Steve:               I’m sure you’ve talked about it in another podcast. It’s that their culture, what they’re used to is instant information. They can get the information anytime they want to, so why call me and interrupt me?

My point is, but when we’re in the business world and we’re getting interrupted, it’s how we deal with those interruptions that are so crucial. Instead of letting that interruption take me off track, that’s where I’ll use things like for a business professional would use the Outlook Media request or the Google Calendar to set a time to deal with whatever is resulting from that interruption. That’s what I mean by the calendar being fluid. I’m not necessarily dropping everything right that minute to address it but I’m setting some specific time to address it because if somebody has a big enough issue to call, text or email me, then I better address it at my earliest convenience. That’s clearly what I wasn’t doing back in 2003.

Josh:                 I have to say that I was doing that 30 years ago. I think that people today are paying a little bit more attention to time management because there’s so many more interrupters today than there were back then.

Steve:               Yes.

Josh:                 I think that one of the things that’s probably important for us to really be thinking about, especially for owners of small privately-held businesses, is– I want to ask your opinion about this is, before you get into an engagement or an arrangement or a relationship with somebody, I call it the communication preferences conversation which basically is “How fast can you expect an answer to an email from me? How fast can you expect an answer to a phone message? And how fast can you expect an answer to a text?” For example, I hate text. And I tell people, I say, “If you want a fast response, texting is not the best way to do it because I don’t have any alarm on around the text. But if you email me, because I check my email five or six times a day, you’re likely to get a faster response.” What’s your thoughts about setting up parameters for how you expect to be communicated with and how you expect to communicate with others?

Steve:               That’s a great point. I think that establishing—

I’ve got a client down in Texas by the name of Karey Clemens with an organization called Forbes, Hever & Wallace. They actually are making that effort to ask their customers, “How best do you want us to communicate with you?” I think that, in this business world, it’s pretty apropos. It could be depending upon your level of communication. I think it really depends on the actual circumstance and individual, but I think it’s good to establish that when you can upfront. When it’s not done, it’s good to answer in, if you’re doing some sort of a business review or sort of audit, to establish it then to kind of put that it in there.
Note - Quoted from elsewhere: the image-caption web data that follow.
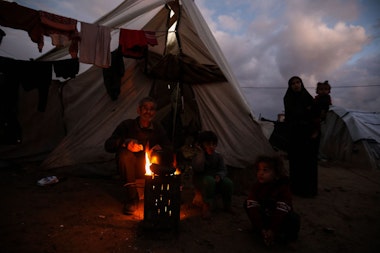 RAFAH, GAZA - JANUARY 23: Displaced Palestinians keep warm by a fire near their tent on January 23, 2024 in Rafah, Gaza. The toll since the Oct. 7 war in Gaza between Israel and Hamas now exceeds 25,000 dead and 62,000 injured, according to the territory's health ministry. Two-thirds of the victims are believed to be women and children. The United Nations estimates for its part that more than 18,000 Palestinian children have lost a parent. With 25 per cent of the population, or more than half a million people, are in a situation of 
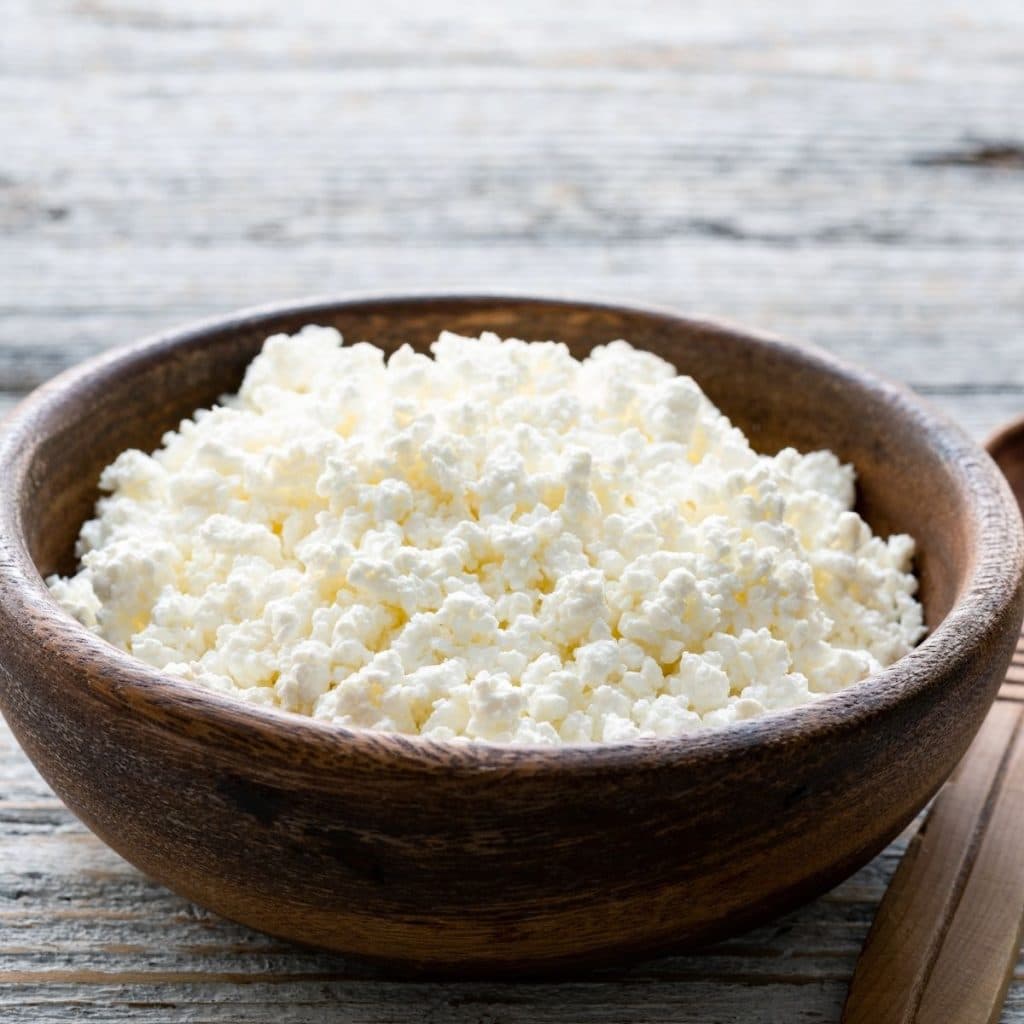 Bowl of cottage cheese in a wooden bowl. 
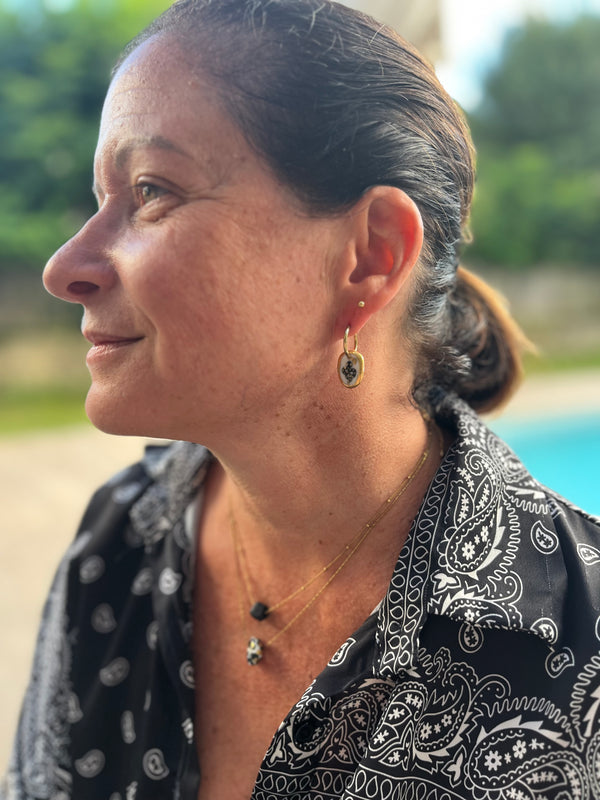Boucle d'oreille dorée avec petit pendentif ovale en porcelaine blanche, illustration noire et bordure en or, portée de profil avec une accumulation de colliers fins Matilou et une chemise bandana.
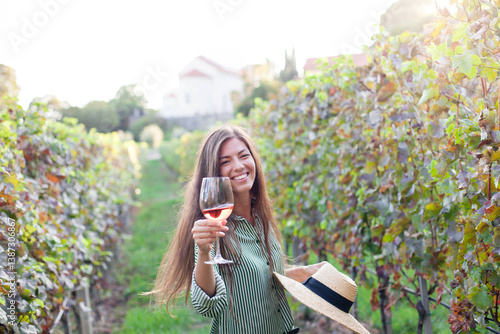 Woman with wineglass of pink wine in vineyard. Wine tasting in winery. Traveler on vacation. Happy celebration, tour on vine plantation. Authentic farm lifestyle. Farmer enjoying harvest
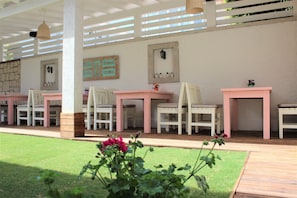 An outdoor patio area with white and pink furniture, including tables and chairs, under a white pergola. There are potted plants and a small garden area in the foreground. - Villamer Hotel Alacati (Cesme)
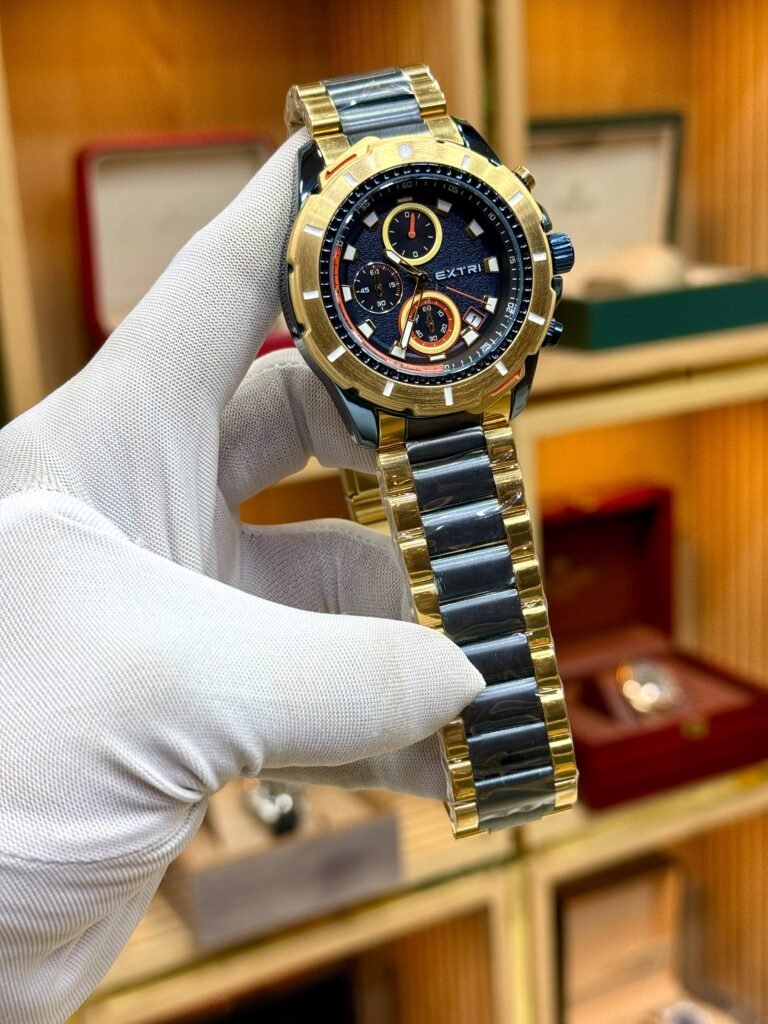EXTRI two-tone sport chronograph watch with black dial, gold steel bracelet, and working sub-dials.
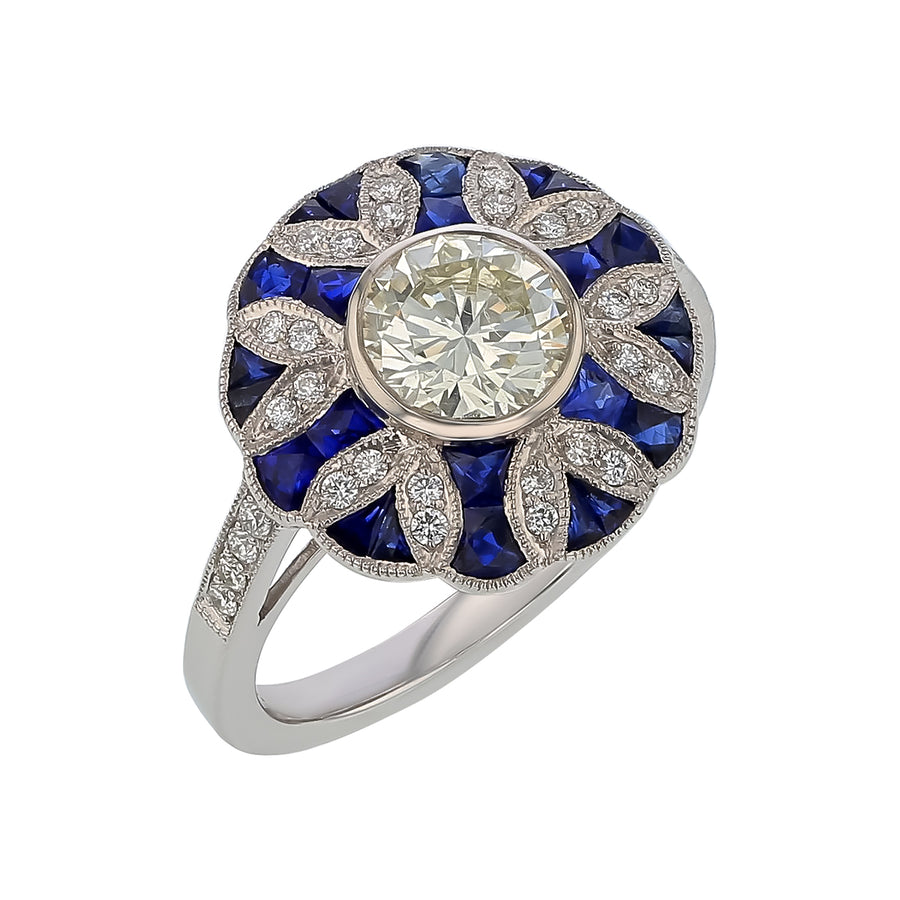1.01ct Round Center Diamond, 0.21ct Diamond and 1.10ct Sapphire Round Ring in Platinum, size 6.5
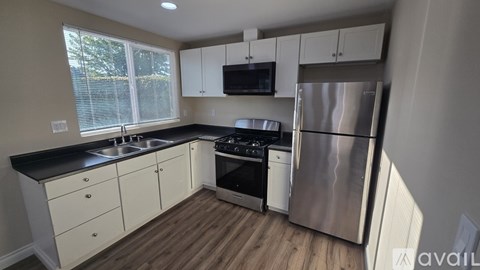 A kitchen with a stainless steel refrigerator and oven.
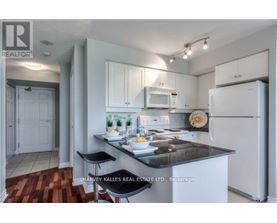A kitchen with a refrigerator, microwave, and stove top oven.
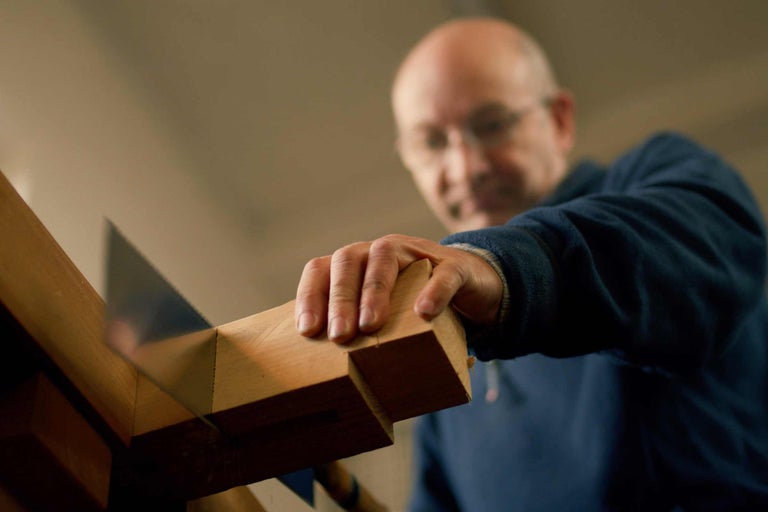 Mann sägt Holz mit einer Säge und einer Schneidlade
Let’s set the parameters.

Now, I’ve presented to people and they’ve heard this rule about email management about only check your email a few times a day or turn it off after whatever time. You and I, Josh, know that’s not realistic for most people. And so, as a result, you really have to let your customers help you determine – I wouldn’t say dictate, but determine what’s the best communication strategy and what’s the best frequency. And so, that’s kind of very widely depending upon who you’re talking with.

Josh:                 Yeah, absolutely.

Steve:               I think that it’s pretty subjective and pretty subjective in the sense that you want to make sure it’s at the customer’s response rate, right? But it’s subjective in the sense that it’s different for each customer. I will say this though, I will say that what the smartphone has done – to a certain extent, Josh, it has really created an era where people have created their own problem by responding to text messages when they’re out with their family at 8:30 at night to their customer. Now, their customer expects it. And so, they’ve set that expectation.

Josh:                 I agree with that. It’s just crazy that we’re on 24 hours a day which is not what anybody really wants. If you actually ask somebody about that, they say, “Well, I didn’t really expect you to respond.”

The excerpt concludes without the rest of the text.